Stephanopoulos: Brian Ross’s zeal to connect Tea Party to Aurora shooting a ‘mistake made in good faith’
**Written by Doug Powers
The president of ABC News and George Stephanopoulos have both given what can be best described as statements of regret regarding the so-called “mistake” made by Brian Ross that was in fact one of the most egregious examples of preconceived media malpractice in recent memory. First up, the head of ABC News:
ABC News opened its TCA press conference here Thursday with boasts of “Good Morning America” beating “Today” in recent ratings. Then came the apologies.
Ben Sherwood, president of ABC News, addressed the on-air mistake by reporter Brian Ross, in which Ross suggested the alleged shooter might be a member of the Tea Party. (Turned out it was another person by the same name.)
“It was a mistake, we recognized it immediately, owned it immediately, Brian has reached out personally to the individual in Aurora. We have learned from it as an organization. I know that moment did not live up to the standards and practices of ABC News. The news division knows how displeased I am about it.”
How displeased was Sherwood?
No disciplinary action is planned for Ross.
Now that’s displeased! It’s a good thing Sherwood didn’t go from displeased to furious, or Ross would have had his newsroom coffee privileges suspended for a day.
Wildly hypothetical question: How fast would Ross have been fired if he’d have made the same “mistake” except the person he named had been a member of, say, CAIR or GLAAD? He would have been handed a pink slip on the air before the segment ended and faced revocation of his Dan Rather Junior Reporter’s Club membership. But Ross wouldn’t have made that mistake, which is why it was not a mistake — at least not in the “oops” sense of the word.

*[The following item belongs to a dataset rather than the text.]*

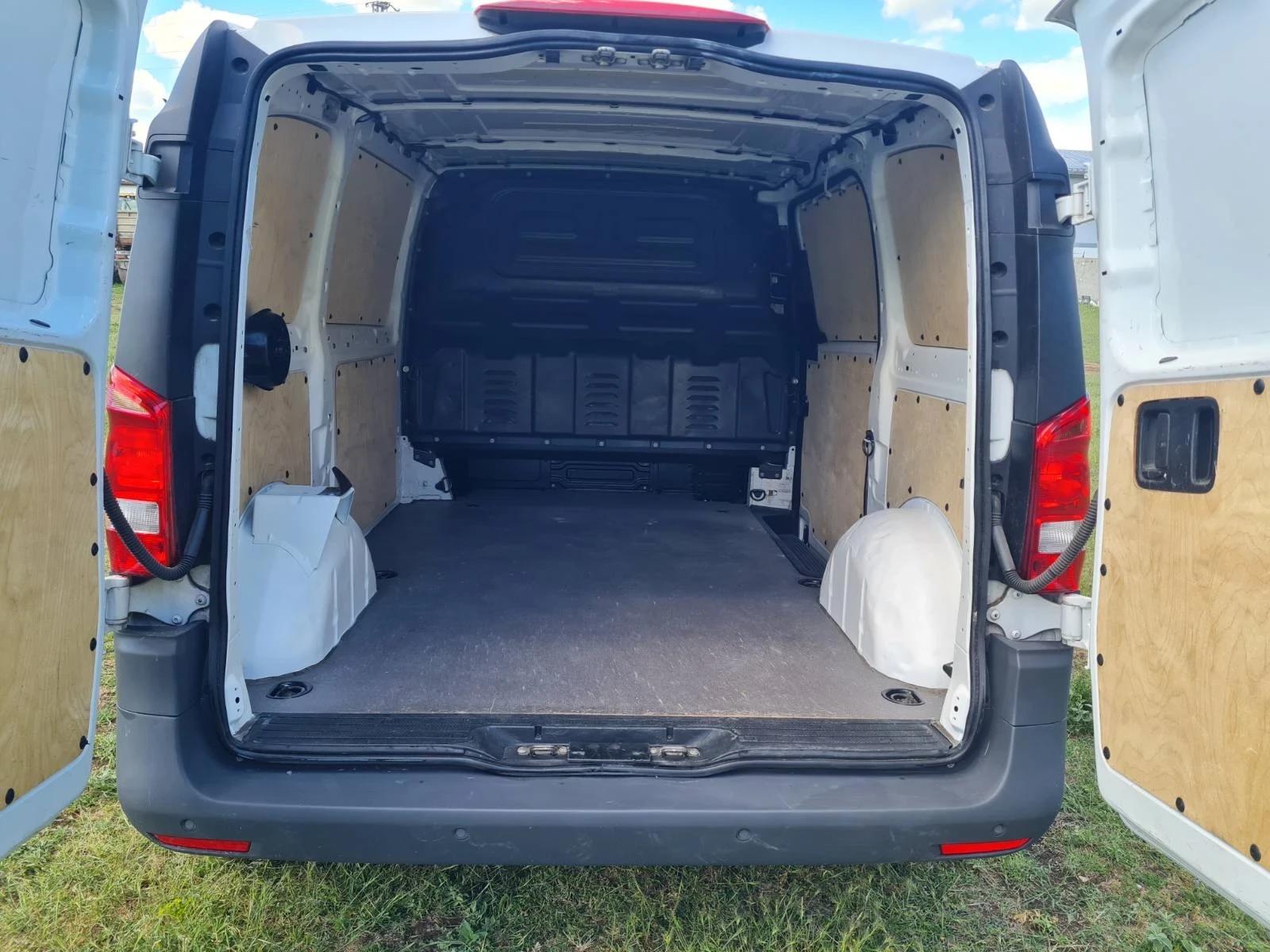 Mercedes-Benz Vito 110 ka/навигация/круиз контрол/парктроник, снимка 8 - Бусове и автобуси - 54723242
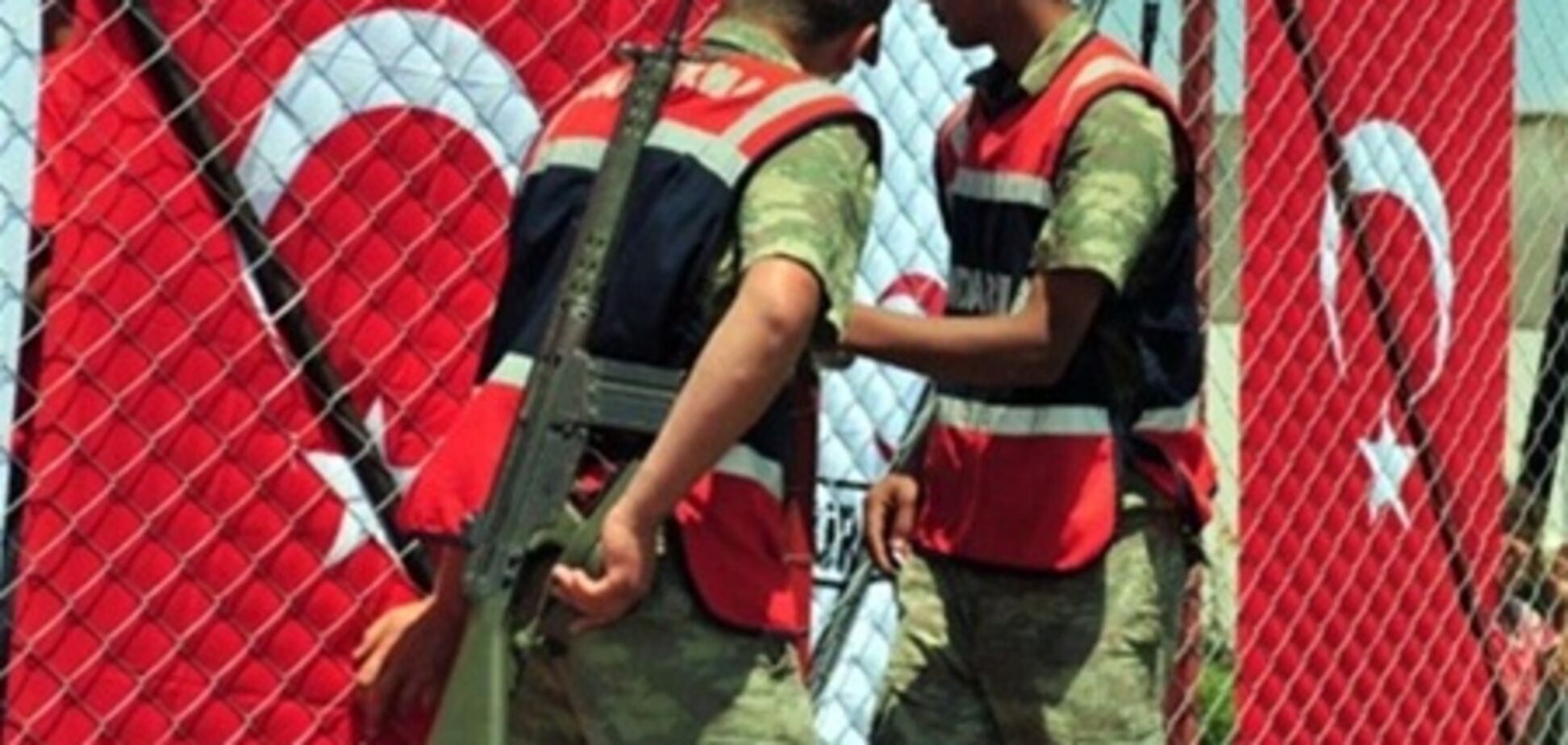 Солдаты в Турции жалуются на издевательства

George Stephanopoulos, who tossed the “has some information that might be significant” softball to Ross that night, said the network did an awesome job of calling themselves out (but only after being mocked by Jon Stewart):
George Stephanopoulos, talking via satellite from New York with the “GMA” team, said there was no political motivation behind the mistake. “I think it was a mistake made in good faith. People are going to make mistakes in breaking news situations. The test of a good news organization is how you correct them, how transparent you are when it happens. By that test, we have succeeded.”
No political motivation? Ross probably found a couple dozen men named “James Holmes” in the area and just happened to pick the one from the Tea Party completely at random. Imagine the odds.